# Can the distribution of a pivot depend on known parameters?

I have a question about the distribution of a pivot. Different sources give slightly different definitions of a pivot. Some of them define it as a random variable $$Q(\mathbf{X}, \theta)$$ whose distribution is the same for all $$\theta$$, where $$\theta$$ is a vector of parameters of $$X$$'s distribution (see definitions from wikipedia and Casella-Berger below; here $$X$$ is a r.v. which generate observations). But some other sources define pivot as a random variable whose distribution doesn't depend on unknown parameters of $$X$$'s distribution (see definition from "probability course" below), this means that theoretically pivot's distribution can depend on known parameters of $$X$$'s distribution. All examples of pivots for different population distributions, that I have seen in textbooks, didn't depend on all (known and unknown) parameters of $$X$$'s distribution.
So, my question is – can the distribution of a pivot depend on known parameters of $$X$$'s distributiion?
I mean cases when $$X \sim P_\theta; ~\theta = (\theta_1, \ldots, \theta_k),$$ and some of the components of vector $$\theta$$ are known (known parameters) and other components are unknown (unknown parameters); and we need to build confidence interval for some unknown parameter $$\theta_j$$ using sample from $$P_\theta$$ (typically we construct a pivot for this purpose).
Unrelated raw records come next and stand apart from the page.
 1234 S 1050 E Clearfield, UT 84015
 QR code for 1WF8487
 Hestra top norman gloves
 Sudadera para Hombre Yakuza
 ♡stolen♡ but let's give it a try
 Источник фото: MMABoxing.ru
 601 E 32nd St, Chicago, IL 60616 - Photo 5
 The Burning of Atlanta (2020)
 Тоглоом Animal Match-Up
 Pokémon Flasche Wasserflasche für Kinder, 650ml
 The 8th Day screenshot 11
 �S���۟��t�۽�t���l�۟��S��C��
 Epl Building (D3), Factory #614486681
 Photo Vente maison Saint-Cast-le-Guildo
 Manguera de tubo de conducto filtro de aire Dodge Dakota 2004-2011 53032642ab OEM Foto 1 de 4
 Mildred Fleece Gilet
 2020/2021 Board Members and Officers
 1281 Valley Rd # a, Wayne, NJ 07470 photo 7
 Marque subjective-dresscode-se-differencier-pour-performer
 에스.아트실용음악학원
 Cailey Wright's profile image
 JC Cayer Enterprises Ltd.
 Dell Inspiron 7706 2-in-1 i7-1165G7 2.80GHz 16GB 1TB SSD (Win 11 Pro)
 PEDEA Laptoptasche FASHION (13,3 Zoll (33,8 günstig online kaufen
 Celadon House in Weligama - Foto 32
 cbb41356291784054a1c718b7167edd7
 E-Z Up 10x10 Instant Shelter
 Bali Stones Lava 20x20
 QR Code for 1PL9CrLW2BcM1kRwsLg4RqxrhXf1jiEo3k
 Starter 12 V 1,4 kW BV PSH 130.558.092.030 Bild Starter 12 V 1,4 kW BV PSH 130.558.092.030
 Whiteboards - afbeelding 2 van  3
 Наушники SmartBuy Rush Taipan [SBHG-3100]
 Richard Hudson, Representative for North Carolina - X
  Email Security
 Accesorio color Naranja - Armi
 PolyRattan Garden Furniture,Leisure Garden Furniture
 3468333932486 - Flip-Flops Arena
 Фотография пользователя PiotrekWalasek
Below definitions of a pivot from three different sources are given.

First one is the definition of a pivot from wikipedia:

In statistics, a pivotal quantity or pivot is a function of observations and unobservable parameters such that the function's probability distribution does not depend on the unknown parameters (including nuisance parameters). A pivot quantity need not be a statistic — the function and its value can depend on the parameters of the model, but its distribution must not. If it is a statistic, then it is known as an ancillary statistic.
More formally, let $$\mathbf{X} = (X_1,X_2,\ldots,X_n)$$ be a random sample from a distribution that depends on a parameter (or vector of parameters) $$\theta$$. Let $$g(\mathbf{X},\theta)$$ be a random variable whose distribution is the same for all $$\theta$$. Then $$g$$ is called a pivotal quantity (or simply a pivot).